ENCONTRO COM OS REPRESENTANTES
DA ORGANIZAÇÃO DOS ESTADOS AMERICANOS

DISCURSO DO PAPA JOÃO PAULO II

Palácio da OEA, Washington
Sábado, 6 de Outubro de 1979

 

Senhor Presidente
Senhor Secretário-Geral
Senhoras e Senhores

É para mim causa de grande satisfação ter a oportunidade de saudar os ilustres representantes das Nações pertencentes à Organização dos Estados Americanos. O meu sincero agradecimento vai para Vossa Ex.cia, Senhor Presidente, pelas cordiais palavras de boas-vindas que me dirigiu. Agradeço também ao Secretário-Geral o seu amável convite para visitar a sede geral da mais antiga das Organizações internacionais regionais.

É justo que, depois da minha visita à Organização das Nações Unidas, seja a Organização dos Estados Americanos a primeira, entre as muitas organizações e instituições internacionais, à qual tenho o privilégio de dirigir uma mensagem de paz e de amizade.

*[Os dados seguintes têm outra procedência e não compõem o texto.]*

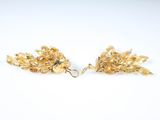 a pair of gold earrings on a white surface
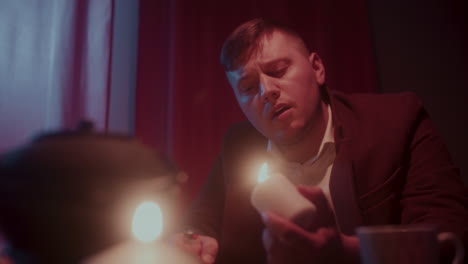 man lighting a candle in a dimly lit room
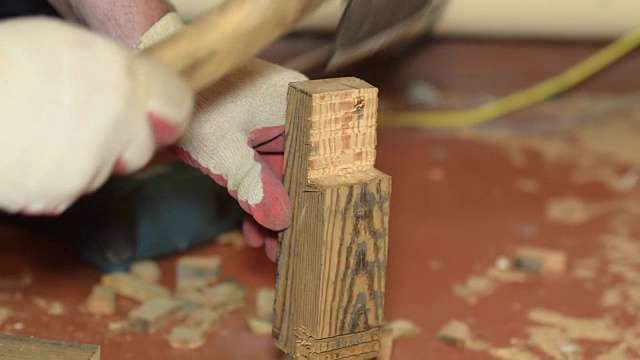 木匠在室内用斧头把木板劈开视频下载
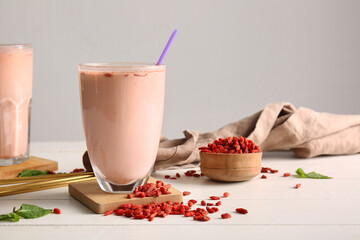 Glasses of fresh goji berry smoothie with mint on white wooden table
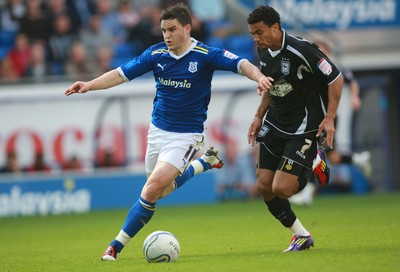 15.10.11 -  Cardiff City v Ipswich Town, npower Championship -  Cardiff's Craig Conway holds off Ipswich's Carlos Edwards  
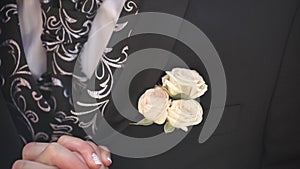 Carnation flower in a pocket. the flower in jacket pocket. pin with decorative white flowers pinned on the groom`s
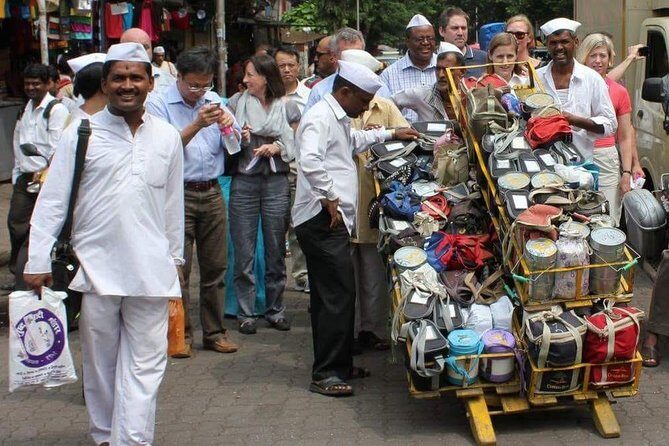 Dabbawala, Dhobi Ghat & Dharavi slum Tour with Local Train Ride - Stop 1: Dharavi streets, work lanes, and the reality of industry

A Santa Sé vai seguindo com muito interesse e, posso dizer, com especial atenção, os acontecimentos e os progressos que interessam o bem-estar dos povos das Américas. Por isso sentiu-se muito honrada quando a convidaram a enviar o seu Observador Permanente junto desta instituição, convite esse que lhe foi dirigido no ano passado por unânime decisão da Assembleia Geral. A Santa Sé vê nas Organizações como a vossa, que agrupam Estados duma mesma região geográfica, estruturas intermédias que promovem maior diversificação e vitalidade interna, numa determinada aérea geográfica, no interior da comunidade global das nações. A existência de uma Organização encarregada de assegurar ao continente americano maior continuidade no diálogo entre os Governos, de promover a paz, de favorecer o pleno desenvolvimento na solidariedade e de proteger o homem, a sua dignidade e os seus direitos, é factor de que beneficia toda a família humana. O Evangelho e o Cristianismo entraram plenamente na vossa história e nas vossas culturas. Eu gostaria de partir desta tradição comum para vos expor, com absoluto respeito pelas vossas convicções pessoais e específicas competências, algumas reflexões, com a finalidade de oferecer aos vossos esforços um contributo original num espírito de serviço.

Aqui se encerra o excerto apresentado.